→ **Short descriptive text snippets**
--------
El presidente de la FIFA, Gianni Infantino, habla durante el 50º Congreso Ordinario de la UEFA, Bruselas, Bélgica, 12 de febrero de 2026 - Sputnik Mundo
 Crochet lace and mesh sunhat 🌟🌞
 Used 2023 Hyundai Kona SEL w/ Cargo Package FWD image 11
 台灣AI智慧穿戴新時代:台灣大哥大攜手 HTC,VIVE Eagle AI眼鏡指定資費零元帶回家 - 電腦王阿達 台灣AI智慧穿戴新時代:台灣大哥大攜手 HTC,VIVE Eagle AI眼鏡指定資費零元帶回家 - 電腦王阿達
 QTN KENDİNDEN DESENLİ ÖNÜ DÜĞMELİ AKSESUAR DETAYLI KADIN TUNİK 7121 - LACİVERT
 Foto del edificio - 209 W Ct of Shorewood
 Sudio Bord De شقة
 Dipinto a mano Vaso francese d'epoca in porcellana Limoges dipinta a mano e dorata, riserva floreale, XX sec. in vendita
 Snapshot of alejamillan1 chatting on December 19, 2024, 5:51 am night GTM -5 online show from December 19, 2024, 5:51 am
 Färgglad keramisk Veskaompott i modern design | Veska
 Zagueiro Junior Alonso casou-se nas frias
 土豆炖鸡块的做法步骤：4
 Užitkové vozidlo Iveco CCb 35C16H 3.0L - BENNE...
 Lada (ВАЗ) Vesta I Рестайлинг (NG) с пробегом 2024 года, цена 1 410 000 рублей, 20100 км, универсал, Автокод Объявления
--------
→ **What is being asked**
Copy out the lines above, from the one holding "Dipinto a mano" through the final line, with no other lines.

→ **Final answer**
 Dipinto a mano Vaso francese d'epoca in porcellana Limoges dipinta a mano e dorata, riserva floreale, XX sec. in vendita
 Snapshot of alejamillan1 chatting on December 19, 2024, 5:51 am night GTM -5 online show from December 19, 2024, 5:51 am
 Färgglad keramisk Veskaompott i modern design | Veska
 Zagueiro Junior Alonso casou-se nas frias
 土豆炖鸡块的做法步骤：4
 Užitkové vozidlo Iveco CCb 35C16H 3.0L - BENNE...
 Lada (ВАЗ) Vesta I Рестайлинг (NG) с пробегом 2024 года, цена 1 410 000 рублей, 20100 км, универсал, Автокод Объявления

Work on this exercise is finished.